According to Handy (1993) cultures can incorporate the ideology of a representation and become a habitual pattern, which when incorporated into organisations becomes a fixed culture. This transformation may lead to develop characteristic patterns and expectations, which this residential home was unfamiliar with, and thus, then can have a great impact on people who work in the local services.

In addition, Thompson (1997) highlights the fact that people need to be aware that any kind of social setting is characterised by differentiation, people are categorised according to social divisions such as ethnicity. These divisions then create and form the basis of the social structure. It enables organisations to form networks of social relationships, which plays an imperative role in the distribution of power, status and opportunities. Power can be used in various ways to control and be dominant in relation to skills and knowledge a person holds. Therefore, one should be able to understand the effect that their powers can have on different diverse groups in a present day society (Thompson, 2000).
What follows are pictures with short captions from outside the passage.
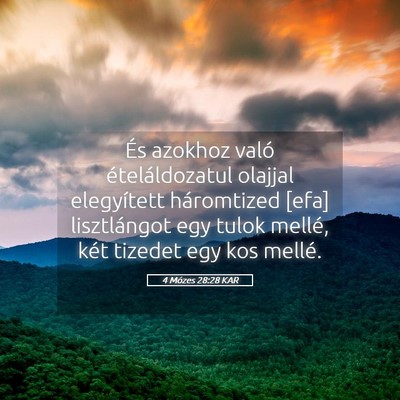 Picture 05 - 4 Mózes 28:28 KAR - És azokhoz való ételáldozatul olajjal - Bible Verse Picture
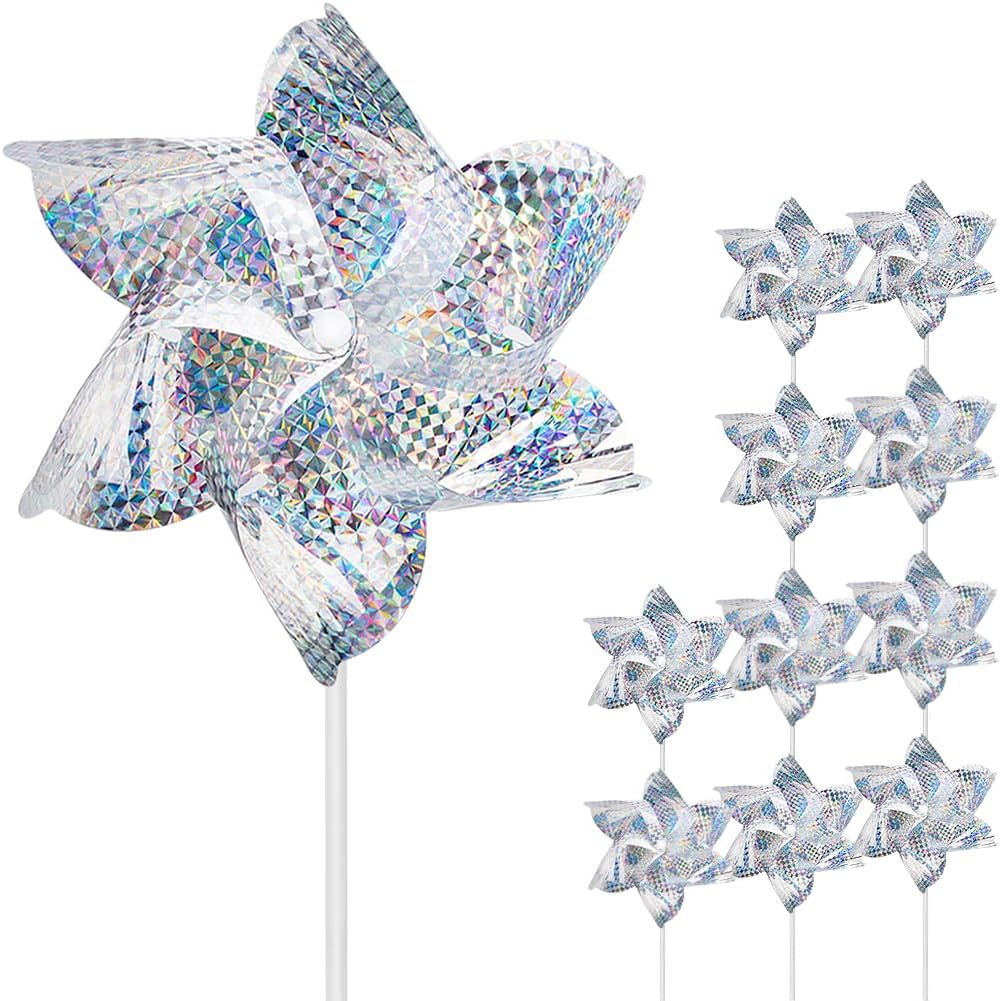 10 Pack Reflective Pinwheels for Garden Yard - Sparkly Silver Bird Deterrent Devices for Outside - Humane Woodpecker, Pigeon & Goose Repellent Wind Spinners - Decorative Mylar Pin Wheels with Stakes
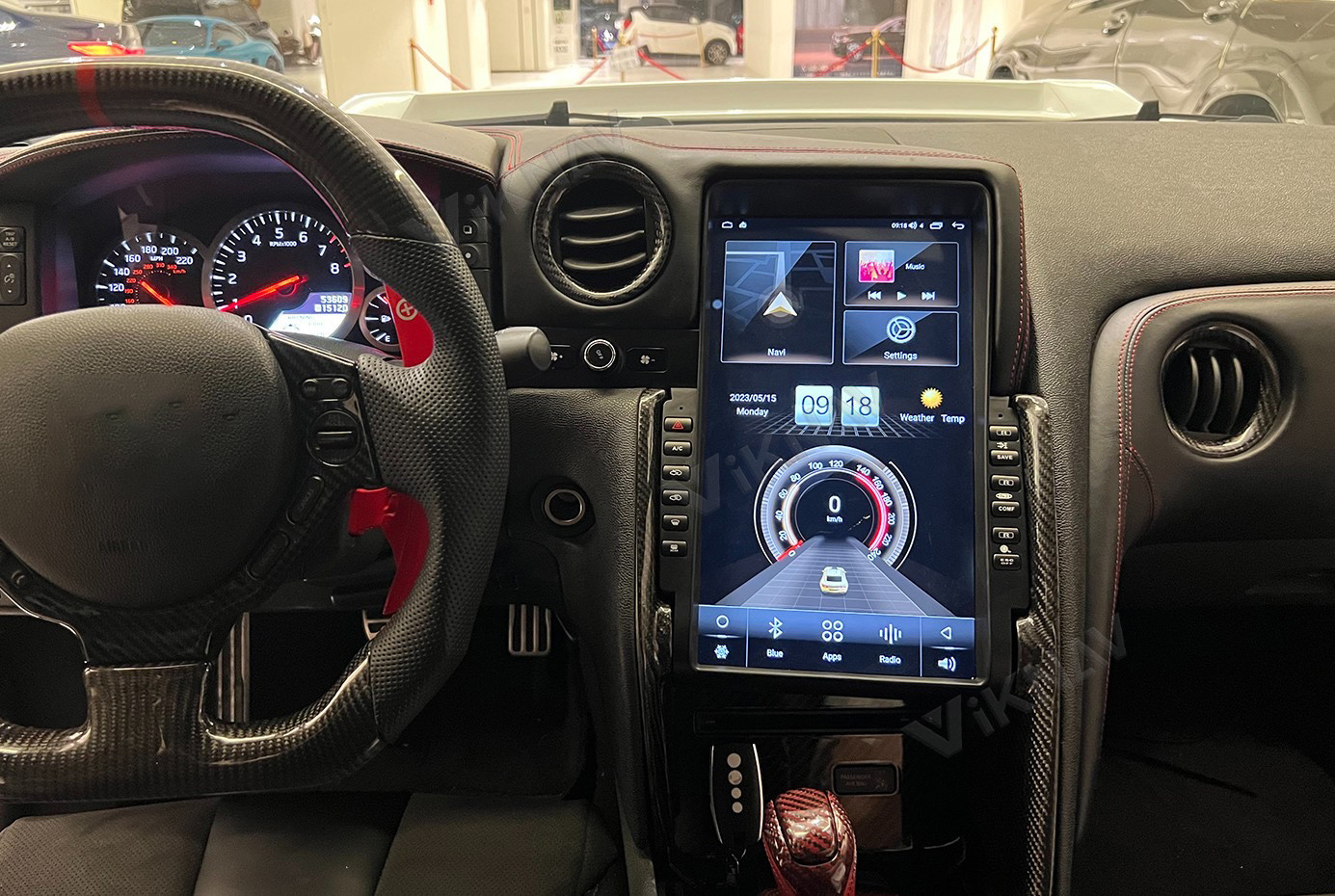 VIKNAV 13.6" Car Radio For Nissan Skyline GTR 2008- 2017 HD Touch Screen Android Head Unit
Thompson (1998) denotes that a misunderstanding of cultural needs can lead to oppression and discrimination either directly or indirectly. This then can take the formation of using power incorrectly and therefore lead individuals or groups to feel powerless. Thompson (1993) asserts that no practice can be considered good practice without awareness of discrimination and its impact on both service users and practitioners.
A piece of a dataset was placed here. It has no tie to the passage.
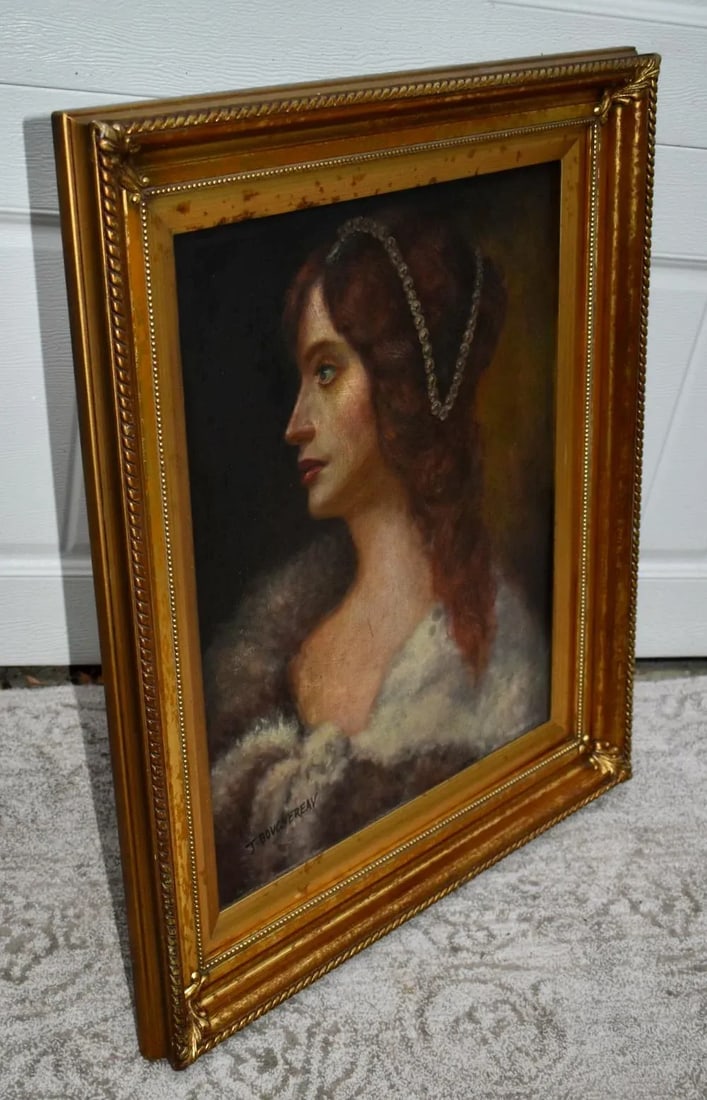 J Bovgvereau Oil Painting Antique Canvas Portrait Fine Art Woman Gilt Frame Sign - 9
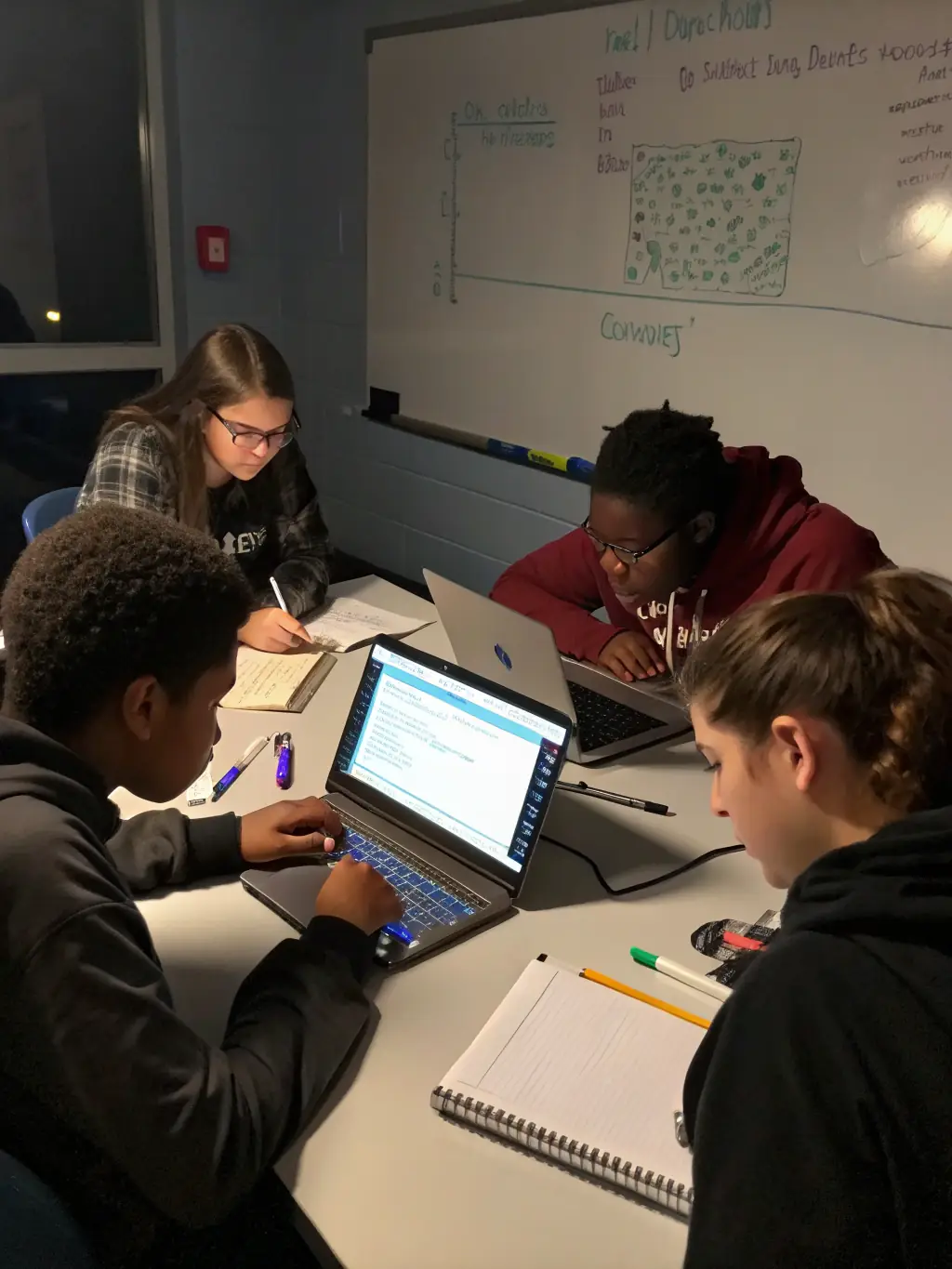 A diverse group of students collaborating on a coding project, showcasing teamwork and problem-solving skills in a modern classroom setting.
To a certain degree, this particular organisation seem to employ poor individual practices and also inadequate policies, which can lead to structural deficiencies and have a profound effect on individuals and make them, feel powerless. Dominelli (1997) highlights “This can be seen as the colour-blind approach, this is the concept of ‘universality of treatment’, whereby equality is assumed rather than proven because all individuals and groups are treated as if they were all the same” (p.37).

Van Dijk (1993) suggests one needs to understand and acquire the perspective, the practical knowledge, the perceptiveness and the necessary theoretical framework to understand the many manifestations of racism. This will then create a structure that will tackle racism both individually and collectively, in changing policies and practices at the personal, organisational and societal levels.


In conclusion the issues surrounding power can be both positive and negative depending on how one exercises the use of power. Reflecting after the process of this essay, it has come to attention that racism and disability comprises many grey areas of discrimination and oppressive practices. This allows vulnerable people in certain groups to feel powerless and others to feel powerful.

More significant, is the need to recognise that as carers or workers we need to challenge and reinforce our own positions to challenge people’s negative perceptions regarding disabled people and ethnic minorities. This will give us the opportunity to either challenge or contribute to the disempowerment that vulnerable people are faced with.

In order to achieve an equal balance of power, one need to ensure that all vulnerable groups are given equal access to services without facing discrimination due to power being used in an oppressive practice. This will then be a start to cut across the boundaries to form effective and sustainable power that will recognise the needs of disabled people and ethnic minorities.